Teens in the Driver Seat: Not your parents’ driver’s ed

Justin Stoltzfus

American teens are much more likely than seasoned drivers to get involved in car accidents. But for many teens, the real consequences of crashes aren’t always real — until they hit close to home.

Teens in the Driver Seat (TDS), a program operated by the Texas Transportation Institute, seeks to raise awareness of safe driving with a method that not all school districts and municipalities have tried: direct peer-to-peer education.

Texas teen driving safety program
Texas teen driving safety program

In TDS chapters (mostly in Texas and expanding to other states), teens talk directly to other teens and help design the program’s curriculum. The program’s website includes stories written by teens who share the hard lessons they learned about driving safety. Members and proponents have cited this teen-to-teen factor as a major strength of the program. TDS claims that it, along with Texas’ graduated teen licensing laws, has reduced crash rates in many cities and school districts in which it has set up shop.

TDS estimates that 3,000 teens die in crashes each year, and tens of thousands more are injured or cause injuries.
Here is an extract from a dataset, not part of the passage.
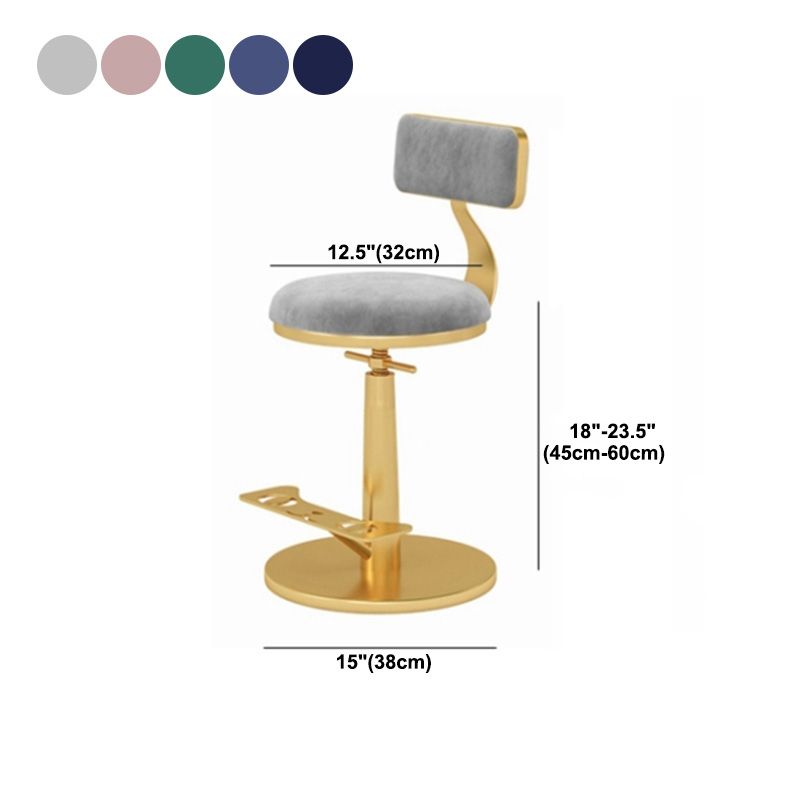 Indoor Footrest Counter Chair Adjustable Height Metal Swivel Counter Bar Stool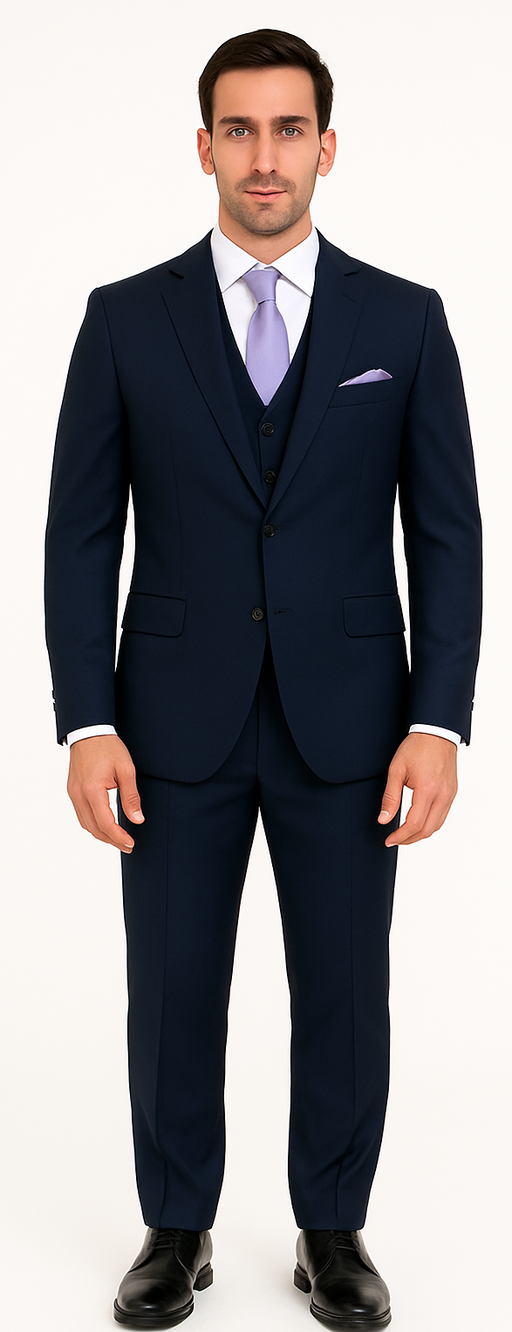 Men'S Dark Navy Slim Fit Vent Sharkskin Shiny Vested 3 Piece Suit Online Discount Fashion Sale - Dark Blue Suit Color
Its website has a running tally of estimated teen crash deaths so far for the year. High teen accident rates are financially costly as well. Nationwide, the economic cost of car crashes involving teens is $41 billion a year, according to the Texas Transportation Institute. And any family with a teenager knows how much auto insurance premiums can spike when a teen is added to the policy.

TDS tackles these problems by targeting what it sees as the biggest dangers that teen drivers face.

According to the group’s research, the top five risks associated with teen driving are:

  • Nighttime driving. In 2009, 26 percent of teen crash deaths occurred between midnight and 6 a.m., according to the Texas Transportation Institute.
  • Speeding. Teens, because of their lack of experience, have trouble determining how much space to leave between their cars and the cars ahead of them when driving at high speeds.
  • Distractions. Cellphones, the radio and other passengers can cause teens to take their eyes off the road.
  • Not wearing a seat belt. Teens buckle up less frequently than older drivers do, according to the National Highway Traffic Safety Administration.
  • Driving under the influence. The first years of driving are some of the worst to get a drunken driving conviction. A DUI/DWI conviction will raise a teen’s auto insurance premiums and can stand in the way of scholarships and jobs.